Романец

Алик Малорос
     Когда-то давно Саша жил в райском уголке под названием Липовая Роща. Липы были везде: в парке с чугунной оградой, возле домов их жилого массива, построенного сразу после войны на месте развалин. Липа заглядывала даже к нему в комнату, в ветреную погоду тихонько скреблась своими ветвями в окна. Дома принадлежали заводу, на котором ремонтировалась автотехника. Завод сделал для своих работников небольшой кинотеатр, бассейн, рядом открылся продуктовый магазин. Саша тогда был первоклашкой, и любил пойти на сеанс про Чапаева, или на «Веселых ребят» за 70 копеек, если они у него были. Сам Саша денег не зарабатывал, просил отца, который каждый раз объяснял сыну, что у него лишних денег нет, и только раз в месяц выделял требуемую сумму. Так что в остальное время Саше приходилось лишь заглядывать в окна  кинотеатра, но фильм оттуда был не виден. Сначала дети летом купались в бассейне, пока там не появилась грозная надпись: «Купаться запрещено». Ведь это был бассейн  для очистки технической воды, предназначенной для предприятия. И потом детворе приходилось топать до речки Уды, тогда чистой и широкой, где они и купались, глядя на дымы  коксохимзавода, расположенного на на противоположном берегу.

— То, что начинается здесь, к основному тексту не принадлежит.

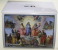 VATICAN 2011 - OFFICIAL FOLDER 4 POSTCARDS RESTAURO SALA IMMACOLATA MUSEI VATICANI - 2 SETT 2011  MNH** - Unused Stamps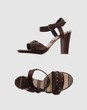 COCCINELLE - High-heeled sandals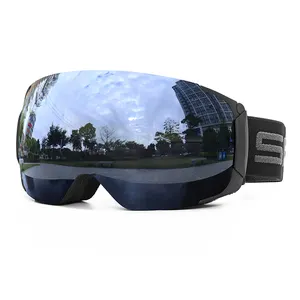 Snowmobile Goggles SPOSUNE Top Sell Men Women Youth Easy Change Lens Snowboard Snowmobile Snow Glasses Magnetic Ski Goggles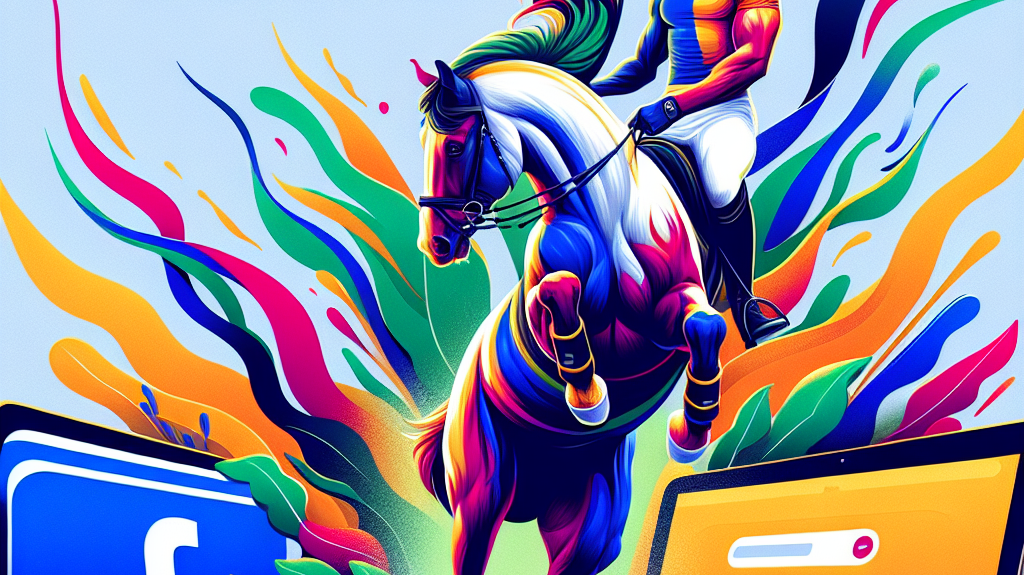 The Incredible Journey Of Frankie VII From Facebook Find To Dressage Champion- just horse riders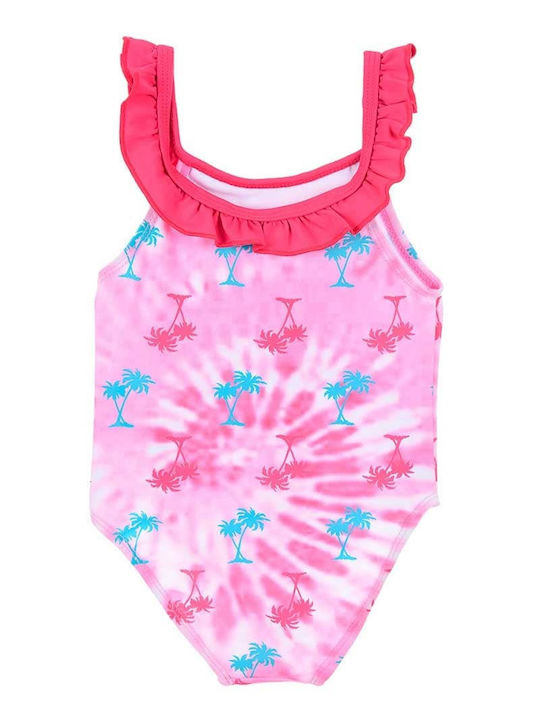 Disney Kids Swimwear One-Piece Pink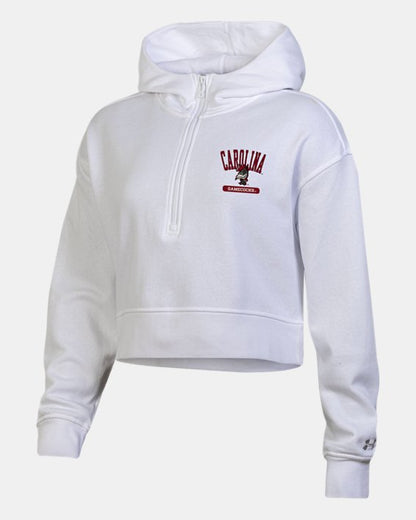 UA Rival Fleece Collegiate Women's 1/2 Zip Hoodie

     Поселились в Липовой Роще Саша с папой в конце сороковых годов  теперь уже прошлого столетия, это был пригород, на работу папа ездил в город, Саша ходил один в школу по длинной улице Чкалова, и ему было приятно думать, что в этих больших частных домах за крепкими заборами, должно быть, жили тоже летчики, пусть и  бывшие. Иногда он встречал там одноклассника Витю Громыко, и думал про себя, что он, наверное, родственник великого Громыко из правительства. Впрочем, Витя этого не утверждал, и они мирно шли вдоль улицы Чкалова, похваляясь, у кого больше зубов сменилось. Они, первоклашки, переходили длинный мост над железной дорогой, и тут уж было рукой подать до школы. Большое серое здание школы с высоким крыльцом одновременно притягивало их своей значительностью, но когда вспоминали про плохо приготовленные уроки, становилось не до шуток. Вот и сегодня учеба шла своим чередом, а длинные сашины мысли своим. Он думал, почему его стригут каждый раз под машинку, так что его дразнят «голомозый». Наверное, не только потому, что это – самая дешевая стрижка, стоившая, как и билет в кино, 70 копеек. Видимо, в этом заключен глубокий смысл, как любил говорить папа. Голову мыть удобнее, намылил – и готово! Все мальчики уже носили длинные брючки, а он – короткие, перешитые папой из взрослых брюк. И почему у всех есть мамы, которые разговаривают с Надеждой Платоновной, их учительницей, после чего она на этих детей не кричит на уроках, если сделана ошибка. Механически он писал в прописях, не следил за рукой, и получались те ещё кривули! Вот и учительница подошла к нему, опять переделывать придётся. И ткнула его в голову, мол, учись. А ему хочется думать о хорошем, вот у папы есть друг Гриша, он с ним летом в горы ездил, пока Саша у бабы и деда в деревне папу дожидался. Этот Гриша живёт у них во дворе, у него никого нет, ни жены, ни детей, и он такой добрый. Гриша как-то спросил Сашу, пойдёт ли тот к нему жить, а то он всё один, да один. Саша тогда посмотрел на папу, который рядом стоял, и так нехорошо улыбался, как-то криво, кисло, и побоялся тут же согласиться. Может, дядя Гриша и забрал бы его от папы. Саше казалось, что Гриша добрый.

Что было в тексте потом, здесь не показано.